Many of us spend a lot of years amassing a war chest of money for retirement. As we approach retirement, though, an important question surfaces: How much of your nest egg can you withdraw each year in order to make your money last for the rest of your life? One of the most common answers to that question is 4%. It might be best to forget the 4% retirement rule, though, since there's a better way to approach your savings.

## What the 4% rule is

Let's back up a bit and explain just what the 4% rule is. It was introduced by financial advisor Bill Bengen in 1994 and was made famous in a study by several professors at Trinity University a few years later. The rule says you can withdraw 4% of your nest egg in your first year of retirement and then adjust future withdrawals for inflation.
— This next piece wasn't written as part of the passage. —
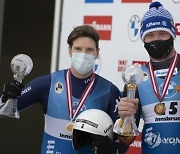 Austria Luge World Cup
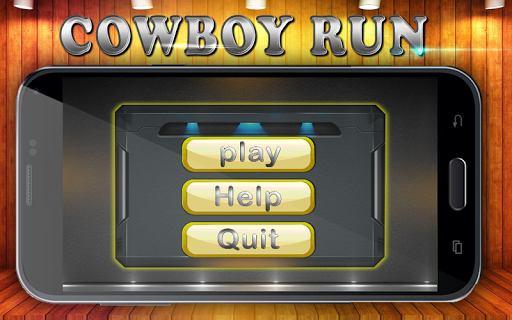 Cowboy Run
This withdrawal strategy assumes a portfolio of 60% in stocks and 40% in bonds, and it's designed to make your money last through 30 years of retirement.
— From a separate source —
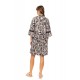 B606 - Type - BEACHWEAR BLACK LEOPARD- (B606) B606 - Type - BEACHWEAR BLACK LEOPARD- (B606)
Here's how it works: Imagine you've socked away \$500,000 by the time you retire at age 65. In your first year, you can withdraw 4%, or \$20,000. In year two, you'll need to adjust that rate by inflation. Let's say inflation over the past year was at its long-term historic rate of 3%. You'll now multiply your \$20,000 withdrawal by 1.03, and you'll get your second year's withdrawal amount: \$20,600. The following year, if inflation is still around 3%, you'll multiply that by 1.03 and get your next withdrawal amount: \$21,218.

Image source: Bev Sykes via Flickr.

## Why the 4% rule is problematic

That's all fine, but there are several reasons you should think twice before subscribing to the 4% rule. For starters, you might want to have a different asset allocation than various 4%-rule models employ, such as the 60-40 split. If you have, say, 75% of your portfolio in stocks, the rule doesn't apply to that.
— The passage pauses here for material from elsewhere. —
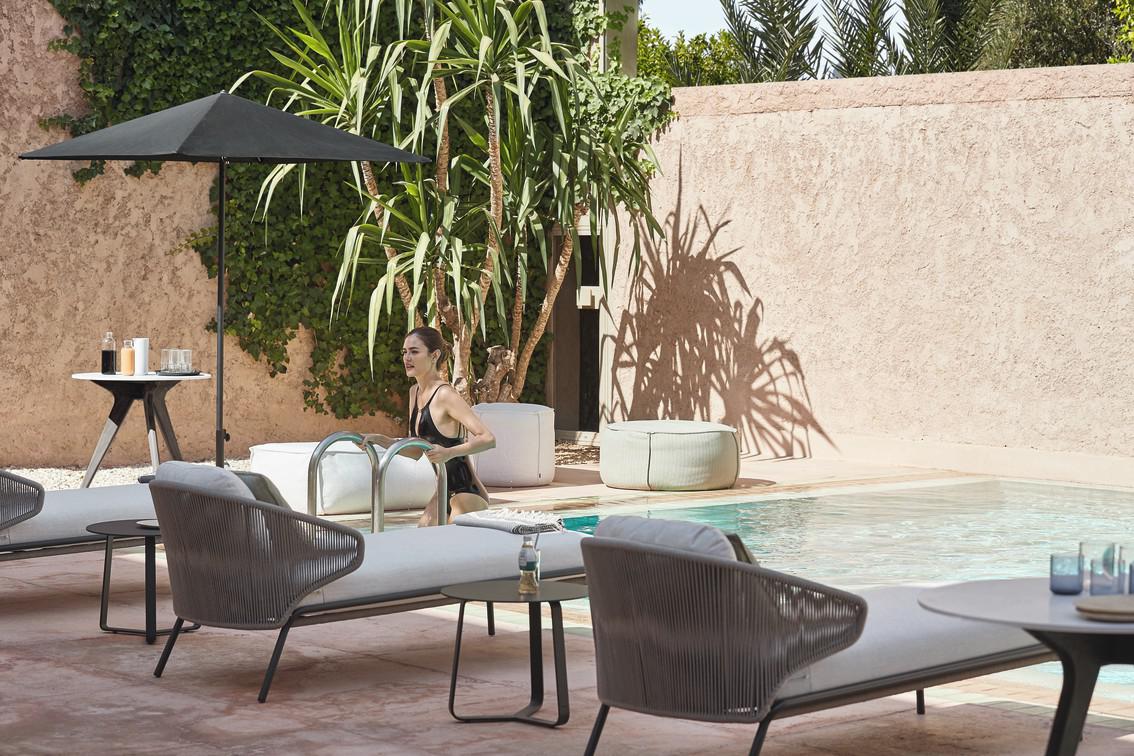 MNST155 Журнальные столики pcsts lava ⌀60см Manutti Mood - Вид №26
History is a factor, too, because the rule was created more than 20 years ago, when interest rates were higher. That meant the fixed-income portion of people's portfolios isn't producing as much income as it used to, and it will be less able to replenish funds withdrawn each year.

Then there are life spans, which have been getting longer. The 4% rule aims to make your money last for 30 years, but if you retire at 62 and live to 96, you might be quite pinched in your last years.

Next, each of us has different financial situations and needs, and every year or set of years in the stock market is different, too. If you plan to follow the rule and withdraw 4% of your nest egg in your first year of retirement, what if the stock market and your portfolio tank by 30% in the year leading up to your retirement? Such things can happen -- the S&P 500 sank by 37% in 2008. If that happens early in your retirement, you'll either be withdrawing far less than you'd planned on, or you'll be depleting your nest egg faster.